I'm doing a small project for university using Apache NiFi and Apache Spark. I want to create a workflow with NiFi that reads TSV files from HDFS and using Spark Streaming I can process the files and store the information I need in MySQL. I've already created my Workflow in NiFi and the storage part is already working. The problem is that i can't parse the NiFi package so i can use them.

The files contain rows like this:

linea1File1 TheReceptionist 653 Entertainment   424 13021   4.34    1305    744 DjdA-5oKYFQ NxTDlnOuybo c-8VuICzXtU

Where each space is a tab ("\t")

This is my code in Spark using Scala:

 val ssc = new StreamingContext(config, Seconds(10))
 val packet = ssc.receiverStream(new NiFiReceiver(conf, StorageLevel.MEMORY_ONLY))
 val file = packet.map(dataPacket => new String(dataPacket.getContent, StandardCharsets.UTF_8))

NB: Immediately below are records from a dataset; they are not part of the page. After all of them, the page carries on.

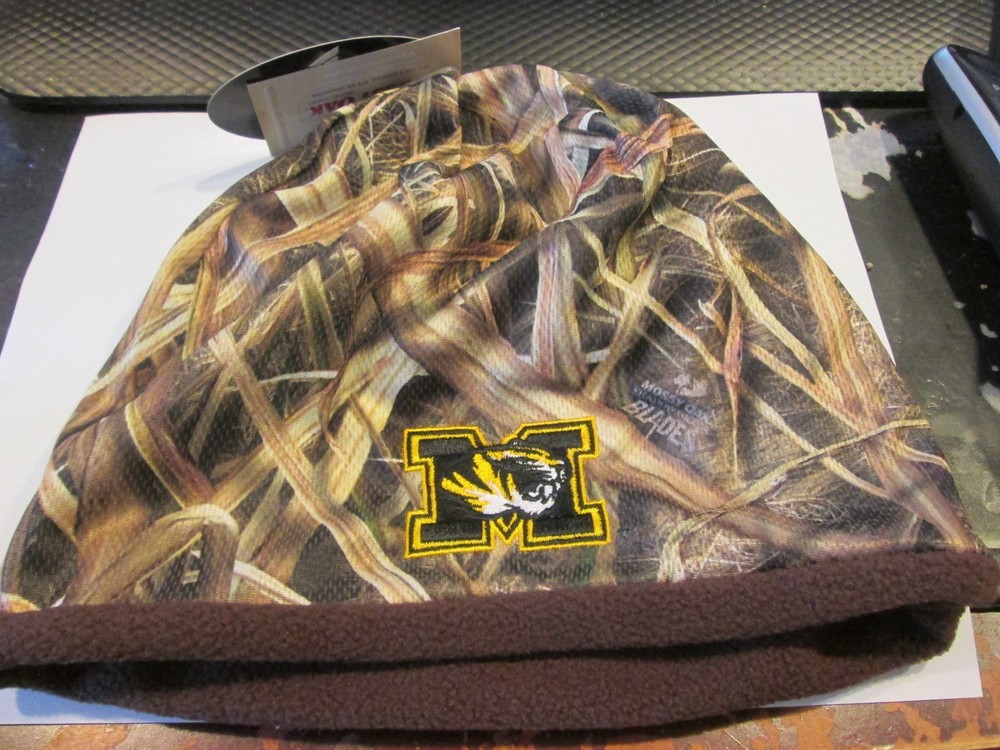MOSSY OAKS REVERSIBLE BEANIE HAT NEW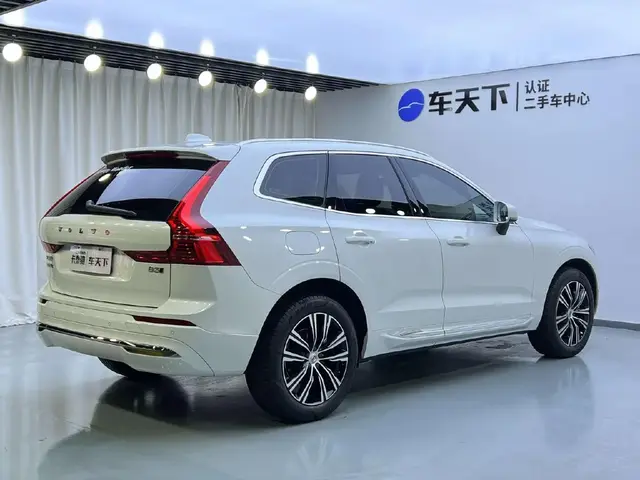 VOLVO XC60 LUXURY 2022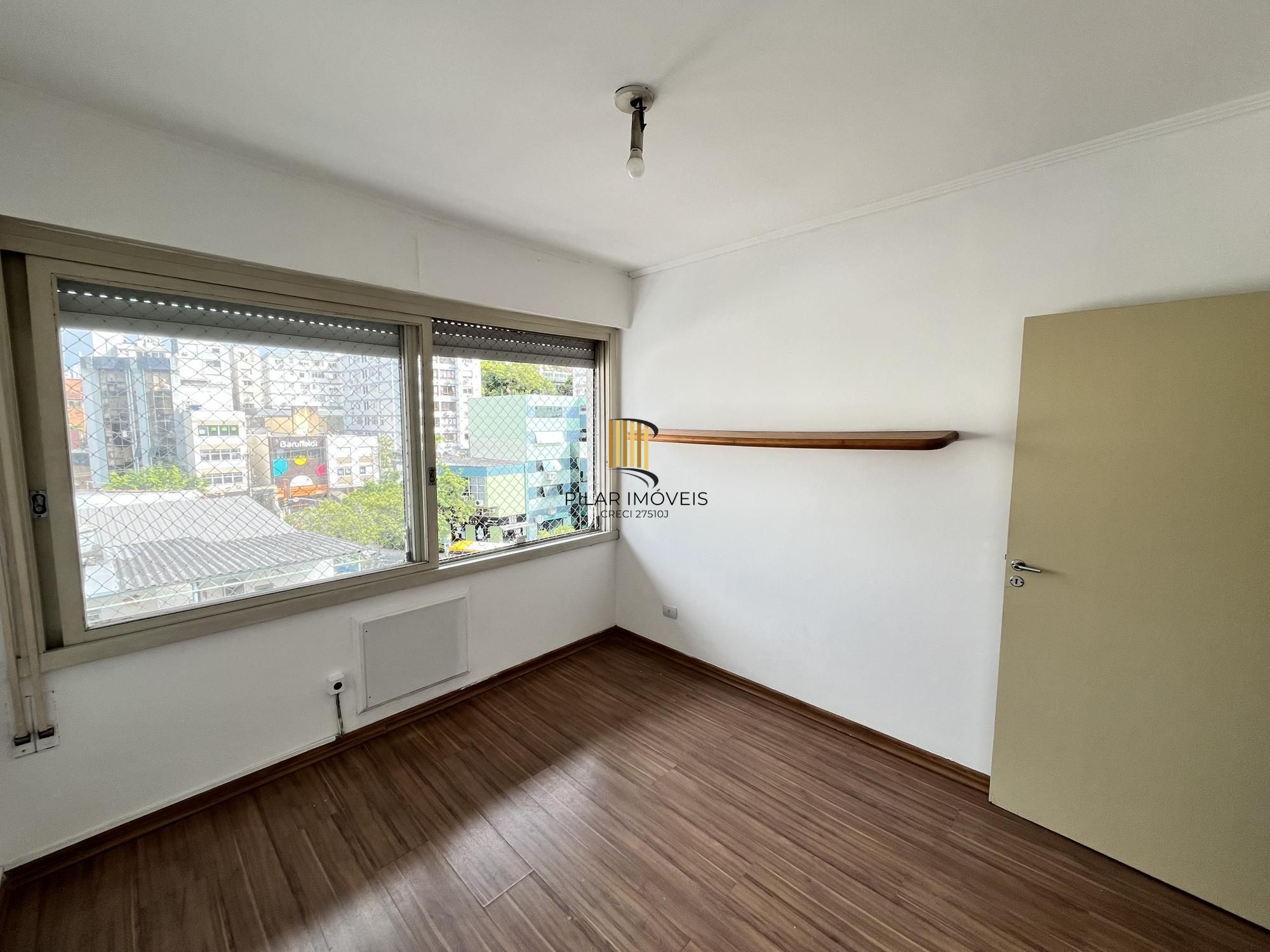 Apartamento de 3 quartos, churrasqueira e 1 vaga de garagem bairro Petrópolis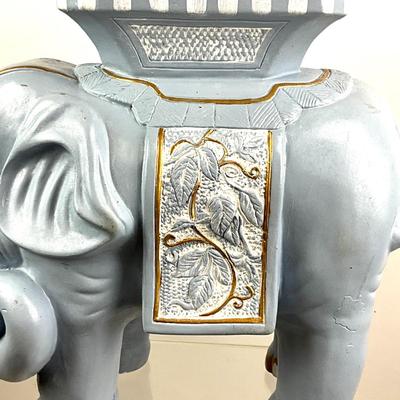 800 Vintage Handpainted Elephant Garden Stand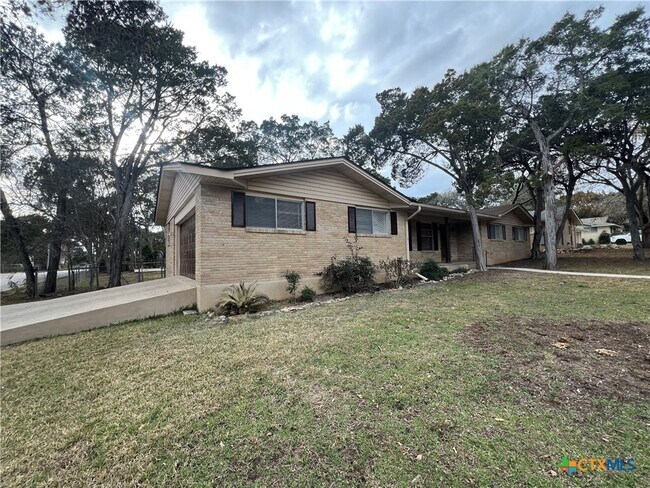 Building Photo - 801 Timber Dr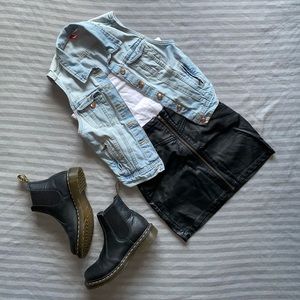 H&M vegan leather skirt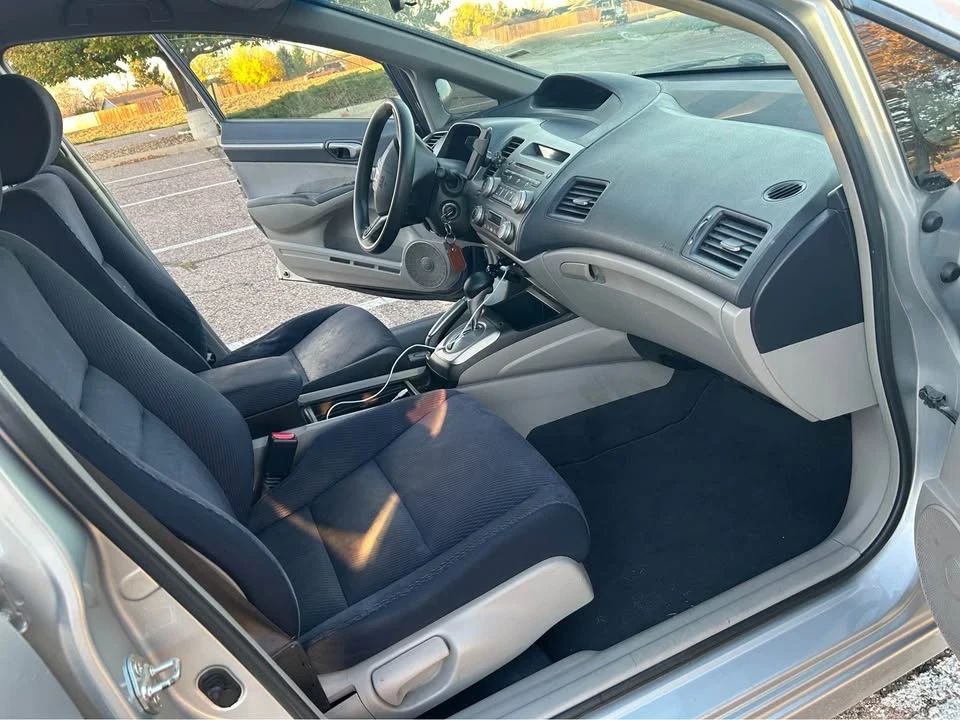 2010 Honda Civic 8th Gen - Image 9 of 12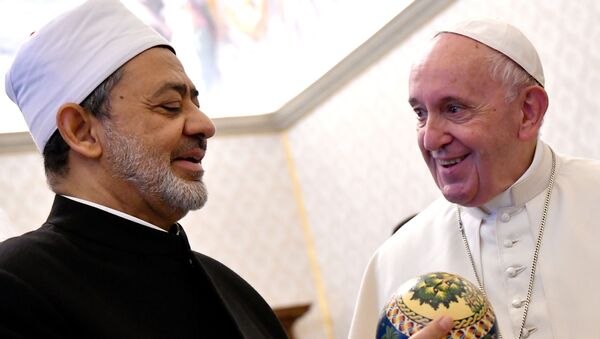 Katoliklerin ruhani lideri Papa Francis, El-Ezher Kurumu Şeyhi Ahmed et-Tayyib ile görüştü. - Sputnik Türkiye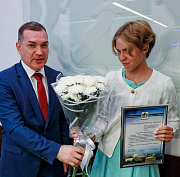 Легкоатлетка Ермакова рассказала мэру Кудрявцеву о победе в Казани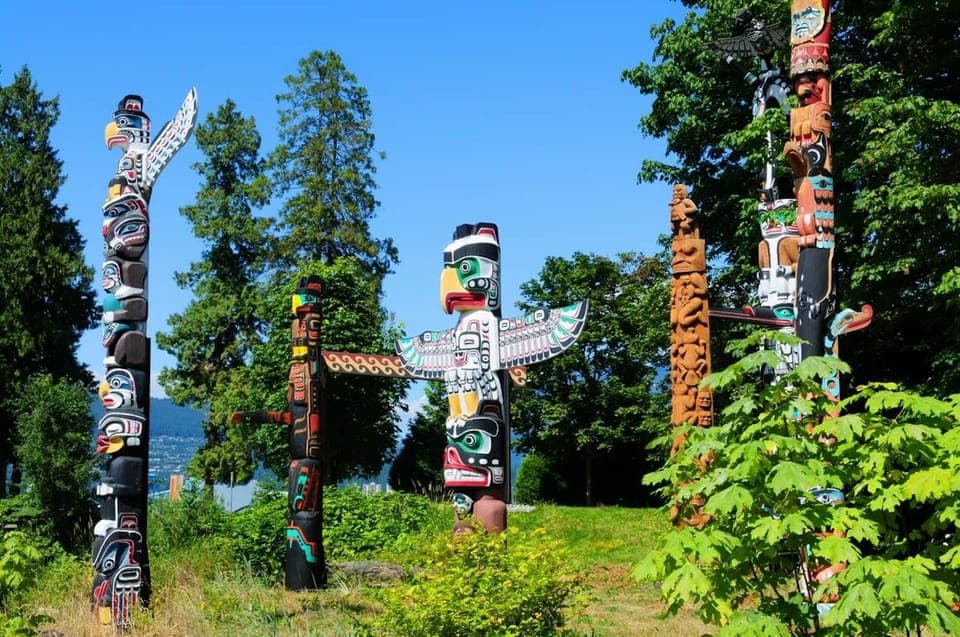 Small Group Tour w/Capilano & Grouse Mtn Lunch Gallery Image 4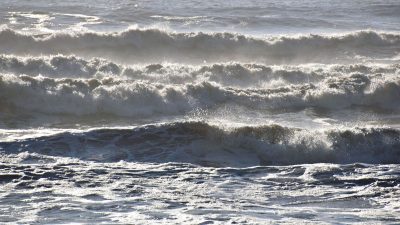 INCOIS issues swell surge warning for Kerala, Tamil Nadu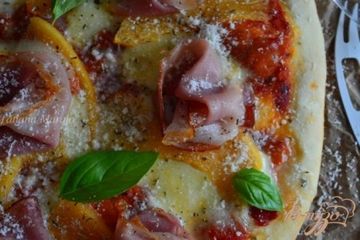 фото рецепта Пицца с сухой ветчиной, кусочками дыни и моцареллой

Until here I can obtain my entire file (7000+ rows) in a single string... unfortunately i can't split that string in rows. I need to get the entire file in rows, so I can parse that in an object, apply some operations on it and store what I want

Anyone can help me with this?

1

1 Answers

4
votes

Each data packet is going to be the content of one flow file from NiFi, so if NiFi picks up one TSV file from HDFS that has a lot of rows, all those rows will be in one data packet.

It is hard to say without seeing your NiFi flow, but you could probably use SplitText with a line count of 1 to split your TSV in NiFi before it gets to spark streaming.